Mehrere Sicherheitskräfte bei Protesten von Khan-Anhängern in Islamabad getötet
Anhänger des inhaftierten pakistanischen Ex-Regierungschefs Imran Khan haben bei gewaltsamen Protesten für dessen Freilassung nach Regierungsangaben mehrere Sicherheitskräfte getötet. Innenminister Mohsin Naqvi erklärte, auf einer ins Regierungsviertel in Islamabad führenden Straße hätten "Schurken" am Dienstag vier Mitglieder einer paramilitärischen Gruppe getötet. Regierungschef Shehbaz Sharif sagte, die Sicherheitskräfte seien "von einem Fahrzeug überfahren" worden.
Zuvor waren tausende Khan-Anhänger in die pakistanische Hauptstadt marschiert. Mit Stöcken und Schleudern bewaffnete Demonstranten griffen die Sicherheitskräfte an. Die Polizei setzte Tränengas und Gummigeschosse gegen die Menge ein.
Regierungschef Sharif erklärte, die Khan-Anhänger wollten "keine Revolution, sondern ein Blutbad". "Dies ist kein friedlicher Protest, das ist Extremismus", fügte er hinzu. Am Montag hatte die Regierung bereits mitgeteilt, dass durch die Unruhen binnen zwei Tagen ein Polizist getötet und neun weitere lebensgefährlich verletzt worden seien.
Ex-Regierungschef Khan war von der Parlamentswahl im Februar ausgeschlossen worden. Seine Partei Pakistan Tehreek-e-Insaf (PTI) widersetzt sich der Regierung seither mit regelmäßigen Demonstrationen, bei denen sie öffentliche Orte in Islamabad und anderen Städten des Landes unter ihre Kontrolle bringt. Islamabad ist seit Samstagabend abgeriegelt, mobile Internetverbindungen werden immer wieder unterbrochen und in den Straßen sind mehr als 20.000 mit Schilden und Knüppeln ausgerüstete Polizisten unterwegs.

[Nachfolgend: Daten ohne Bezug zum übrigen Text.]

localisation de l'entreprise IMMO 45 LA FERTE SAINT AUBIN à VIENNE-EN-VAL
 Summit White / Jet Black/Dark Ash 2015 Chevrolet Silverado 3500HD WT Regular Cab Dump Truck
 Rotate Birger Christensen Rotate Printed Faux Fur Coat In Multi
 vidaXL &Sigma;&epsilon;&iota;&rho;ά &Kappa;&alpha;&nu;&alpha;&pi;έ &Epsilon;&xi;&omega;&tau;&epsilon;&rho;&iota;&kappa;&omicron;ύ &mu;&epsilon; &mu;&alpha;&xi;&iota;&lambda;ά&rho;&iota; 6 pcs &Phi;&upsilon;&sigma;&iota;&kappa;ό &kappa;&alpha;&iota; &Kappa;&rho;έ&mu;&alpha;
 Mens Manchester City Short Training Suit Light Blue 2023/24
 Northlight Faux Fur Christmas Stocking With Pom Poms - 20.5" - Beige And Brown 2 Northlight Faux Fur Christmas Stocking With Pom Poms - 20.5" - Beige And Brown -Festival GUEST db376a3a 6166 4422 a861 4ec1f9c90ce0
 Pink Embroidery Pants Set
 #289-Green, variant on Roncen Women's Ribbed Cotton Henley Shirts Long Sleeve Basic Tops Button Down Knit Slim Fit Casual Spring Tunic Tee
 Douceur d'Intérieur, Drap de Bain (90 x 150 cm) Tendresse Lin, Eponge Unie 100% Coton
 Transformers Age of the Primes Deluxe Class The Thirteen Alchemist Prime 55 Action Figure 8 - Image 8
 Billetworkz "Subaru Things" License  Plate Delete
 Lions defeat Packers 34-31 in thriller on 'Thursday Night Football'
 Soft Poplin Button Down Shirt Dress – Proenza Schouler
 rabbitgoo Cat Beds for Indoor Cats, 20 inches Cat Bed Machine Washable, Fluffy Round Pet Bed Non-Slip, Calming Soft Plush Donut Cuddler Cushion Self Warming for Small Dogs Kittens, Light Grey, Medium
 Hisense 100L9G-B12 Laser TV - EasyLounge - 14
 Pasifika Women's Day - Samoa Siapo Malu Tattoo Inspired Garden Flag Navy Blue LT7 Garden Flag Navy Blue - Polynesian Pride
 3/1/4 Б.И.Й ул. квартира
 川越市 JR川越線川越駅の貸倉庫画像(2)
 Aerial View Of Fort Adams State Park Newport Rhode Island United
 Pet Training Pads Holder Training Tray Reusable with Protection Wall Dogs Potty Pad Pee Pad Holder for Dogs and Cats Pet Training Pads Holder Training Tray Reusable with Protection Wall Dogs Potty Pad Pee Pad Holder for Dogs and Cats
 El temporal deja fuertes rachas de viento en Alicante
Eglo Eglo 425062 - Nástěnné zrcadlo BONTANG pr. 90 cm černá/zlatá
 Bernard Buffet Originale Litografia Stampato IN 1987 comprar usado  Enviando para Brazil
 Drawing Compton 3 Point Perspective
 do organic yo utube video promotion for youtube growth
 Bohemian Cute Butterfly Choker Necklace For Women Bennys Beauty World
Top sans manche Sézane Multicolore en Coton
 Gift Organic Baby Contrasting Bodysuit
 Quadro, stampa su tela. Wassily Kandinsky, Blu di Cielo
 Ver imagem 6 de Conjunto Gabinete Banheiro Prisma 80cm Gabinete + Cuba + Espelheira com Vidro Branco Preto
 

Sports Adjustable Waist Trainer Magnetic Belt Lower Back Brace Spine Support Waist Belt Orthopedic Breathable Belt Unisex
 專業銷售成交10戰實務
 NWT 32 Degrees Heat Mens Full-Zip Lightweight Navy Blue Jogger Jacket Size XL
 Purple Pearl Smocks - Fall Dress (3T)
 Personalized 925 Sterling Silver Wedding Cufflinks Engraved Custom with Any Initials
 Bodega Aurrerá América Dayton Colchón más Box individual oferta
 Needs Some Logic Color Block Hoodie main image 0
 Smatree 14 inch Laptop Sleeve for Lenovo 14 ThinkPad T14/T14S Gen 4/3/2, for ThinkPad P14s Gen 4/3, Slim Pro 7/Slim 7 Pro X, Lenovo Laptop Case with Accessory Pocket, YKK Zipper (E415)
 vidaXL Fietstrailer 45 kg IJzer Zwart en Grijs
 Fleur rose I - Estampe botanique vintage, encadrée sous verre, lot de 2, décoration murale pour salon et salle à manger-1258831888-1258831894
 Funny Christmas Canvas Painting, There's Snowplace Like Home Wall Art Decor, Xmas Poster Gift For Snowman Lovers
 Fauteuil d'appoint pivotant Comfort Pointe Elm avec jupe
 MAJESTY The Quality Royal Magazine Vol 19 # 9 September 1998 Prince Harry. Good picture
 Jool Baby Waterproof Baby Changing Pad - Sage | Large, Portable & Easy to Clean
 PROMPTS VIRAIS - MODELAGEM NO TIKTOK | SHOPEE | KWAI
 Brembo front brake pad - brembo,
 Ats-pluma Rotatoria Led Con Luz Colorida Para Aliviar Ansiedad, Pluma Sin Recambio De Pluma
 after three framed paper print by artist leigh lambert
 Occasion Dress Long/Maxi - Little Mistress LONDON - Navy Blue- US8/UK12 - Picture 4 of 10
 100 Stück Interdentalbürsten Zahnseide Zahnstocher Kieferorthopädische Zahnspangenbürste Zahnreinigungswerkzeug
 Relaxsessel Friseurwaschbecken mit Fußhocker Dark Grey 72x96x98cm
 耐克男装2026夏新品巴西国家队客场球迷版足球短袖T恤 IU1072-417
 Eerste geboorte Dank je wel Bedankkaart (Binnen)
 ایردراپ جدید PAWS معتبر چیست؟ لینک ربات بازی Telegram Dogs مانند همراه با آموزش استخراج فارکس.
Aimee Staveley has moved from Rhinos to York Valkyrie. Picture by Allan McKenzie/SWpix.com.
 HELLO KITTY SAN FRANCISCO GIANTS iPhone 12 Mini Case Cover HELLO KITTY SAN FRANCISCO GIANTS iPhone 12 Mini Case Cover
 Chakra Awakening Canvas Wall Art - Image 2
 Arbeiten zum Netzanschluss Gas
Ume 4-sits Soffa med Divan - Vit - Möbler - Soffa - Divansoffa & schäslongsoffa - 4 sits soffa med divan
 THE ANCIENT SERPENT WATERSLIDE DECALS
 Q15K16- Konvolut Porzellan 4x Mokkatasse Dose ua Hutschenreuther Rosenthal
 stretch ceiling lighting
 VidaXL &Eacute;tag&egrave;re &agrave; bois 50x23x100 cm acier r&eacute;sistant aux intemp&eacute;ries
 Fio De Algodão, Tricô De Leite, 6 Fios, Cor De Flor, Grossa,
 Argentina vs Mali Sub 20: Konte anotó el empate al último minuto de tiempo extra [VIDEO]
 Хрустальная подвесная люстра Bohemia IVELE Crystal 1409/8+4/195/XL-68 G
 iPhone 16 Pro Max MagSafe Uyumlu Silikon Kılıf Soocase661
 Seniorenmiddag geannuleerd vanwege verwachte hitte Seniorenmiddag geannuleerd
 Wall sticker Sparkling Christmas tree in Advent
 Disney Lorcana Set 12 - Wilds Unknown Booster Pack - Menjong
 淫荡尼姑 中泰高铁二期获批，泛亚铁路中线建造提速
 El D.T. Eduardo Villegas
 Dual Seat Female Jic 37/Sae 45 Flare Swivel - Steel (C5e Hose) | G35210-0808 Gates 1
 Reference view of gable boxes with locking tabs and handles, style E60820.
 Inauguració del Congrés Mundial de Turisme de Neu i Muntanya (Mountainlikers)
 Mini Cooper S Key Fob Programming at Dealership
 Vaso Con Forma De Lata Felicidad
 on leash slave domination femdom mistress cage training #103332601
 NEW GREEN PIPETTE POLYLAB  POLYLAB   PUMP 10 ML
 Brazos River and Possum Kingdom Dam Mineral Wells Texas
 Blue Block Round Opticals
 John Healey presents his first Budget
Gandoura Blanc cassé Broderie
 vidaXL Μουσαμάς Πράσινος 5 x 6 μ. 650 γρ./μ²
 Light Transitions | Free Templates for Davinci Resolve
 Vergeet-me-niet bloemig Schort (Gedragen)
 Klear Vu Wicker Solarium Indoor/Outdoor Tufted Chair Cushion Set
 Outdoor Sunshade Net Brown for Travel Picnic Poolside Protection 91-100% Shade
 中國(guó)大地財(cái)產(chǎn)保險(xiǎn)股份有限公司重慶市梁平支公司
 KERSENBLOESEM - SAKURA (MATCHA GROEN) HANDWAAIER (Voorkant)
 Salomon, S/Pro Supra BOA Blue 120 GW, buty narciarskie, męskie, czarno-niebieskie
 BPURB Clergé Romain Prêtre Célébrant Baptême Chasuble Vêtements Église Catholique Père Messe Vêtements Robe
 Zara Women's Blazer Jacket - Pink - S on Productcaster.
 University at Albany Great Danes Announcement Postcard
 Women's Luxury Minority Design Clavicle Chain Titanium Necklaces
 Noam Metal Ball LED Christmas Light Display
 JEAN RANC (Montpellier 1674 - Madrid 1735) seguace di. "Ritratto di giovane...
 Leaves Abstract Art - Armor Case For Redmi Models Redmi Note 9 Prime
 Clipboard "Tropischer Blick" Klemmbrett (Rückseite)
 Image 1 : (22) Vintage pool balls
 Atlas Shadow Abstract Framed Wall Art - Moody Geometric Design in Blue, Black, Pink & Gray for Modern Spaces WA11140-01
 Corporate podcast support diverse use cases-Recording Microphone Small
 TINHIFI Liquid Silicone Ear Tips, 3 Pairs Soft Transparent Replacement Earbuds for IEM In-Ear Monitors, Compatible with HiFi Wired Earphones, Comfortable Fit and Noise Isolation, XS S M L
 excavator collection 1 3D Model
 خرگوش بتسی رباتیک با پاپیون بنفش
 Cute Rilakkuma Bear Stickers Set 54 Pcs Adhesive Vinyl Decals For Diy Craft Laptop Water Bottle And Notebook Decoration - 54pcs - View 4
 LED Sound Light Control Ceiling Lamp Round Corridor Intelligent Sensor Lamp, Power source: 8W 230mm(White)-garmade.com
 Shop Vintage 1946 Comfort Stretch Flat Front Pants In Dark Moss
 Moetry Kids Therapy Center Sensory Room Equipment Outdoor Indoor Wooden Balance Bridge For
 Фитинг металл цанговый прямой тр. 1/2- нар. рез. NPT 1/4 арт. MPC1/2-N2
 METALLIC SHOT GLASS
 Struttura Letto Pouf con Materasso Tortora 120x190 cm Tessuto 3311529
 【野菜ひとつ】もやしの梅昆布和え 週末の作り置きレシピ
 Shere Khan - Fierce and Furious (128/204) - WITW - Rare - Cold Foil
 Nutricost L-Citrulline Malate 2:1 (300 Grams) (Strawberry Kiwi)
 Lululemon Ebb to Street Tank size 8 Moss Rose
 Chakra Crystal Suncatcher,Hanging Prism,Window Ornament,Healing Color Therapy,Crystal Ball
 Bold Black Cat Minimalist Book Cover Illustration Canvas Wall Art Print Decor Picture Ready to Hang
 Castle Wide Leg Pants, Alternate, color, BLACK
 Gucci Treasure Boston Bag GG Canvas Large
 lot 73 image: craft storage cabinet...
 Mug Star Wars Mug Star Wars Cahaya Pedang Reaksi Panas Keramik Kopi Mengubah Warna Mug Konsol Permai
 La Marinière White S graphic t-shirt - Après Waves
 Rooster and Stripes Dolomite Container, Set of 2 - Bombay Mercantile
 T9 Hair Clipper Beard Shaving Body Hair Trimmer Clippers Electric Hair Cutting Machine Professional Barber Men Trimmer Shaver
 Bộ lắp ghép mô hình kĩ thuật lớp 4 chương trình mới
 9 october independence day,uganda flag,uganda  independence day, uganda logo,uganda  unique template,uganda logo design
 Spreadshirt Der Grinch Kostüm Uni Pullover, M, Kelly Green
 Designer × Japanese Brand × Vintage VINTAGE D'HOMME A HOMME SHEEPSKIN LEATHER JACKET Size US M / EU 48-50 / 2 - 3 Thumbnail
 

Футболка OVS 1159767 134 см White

Vergangene Woche hatte die Stadtverwaltung von Islamabad ein zweimonatiges Verbot für öffentliche Versammlungen ausgesprochen. Dennoch reisten Konvois von Khans PTI aus ihren Hochburgen in der nordwestlichen Provinz Khyber Pakhtunkhwa und der bevölkerungsreichsten Provinz Punjab in die Hauptstadt und ließen sich dabei auch durch Straßensperren aus Schiffscontainern nicht stoppen.
Wegen des Konflikts auf den Straßen ordnete die Stadtverwaltung für Montag und Dienstag die Schließung von Schulen und Universitäten an. "Diejenigen, die hierher kommen, werden festgenommen", drohte Innenminister Naqvi am Montagabend auf dem Platz vor den Regierungsgebäuden, den die PTI-Anhänger besetzen wollten.
Hauptforderung der Demonstranten ist Khans Freilassung. Der 72-jährige ehemalige Cricket-Star war von 2018 bis 2022 Pakistans Regierungschef, wurde aber schließlich durch ein Misstrauensvotum gestürzt, nachdem er sich mit dem mächtigen Militär des Landes überworfen hatte. Seit August 2023 ist Khan inhaftiert. Ihm droht ein Prozess wegen Vorwürfen, die von illegaler Eheschließung über Korruption bis hin zu Aufruf zu Ausschreitungen reichen.
Seine Anhänger prangern Wahlfälschungen bei dem Urnengang im Februar an und wenden sich gegen eine von der Regierung von Premierminister Sharif unterstützte Verfassungsänderung, die der Regierung mehr Macht über die Gerichte des Landes gibt.
Unter anderem die pakistanische Menschenrechtskommission warf der Regierung vor, überzureagieren. Die Zufahrten nach Islamabad zu blockieren, bestrafe de facto auch "einfache Bürger", erklärte sie. Das US-Außenministerium rief die Demonstrierenden zum Gewaltverzicht auf und appellierte zugleich an die pakistanischen Behörden, "Menschenrechte und grundlegende Rechte zu respektieren".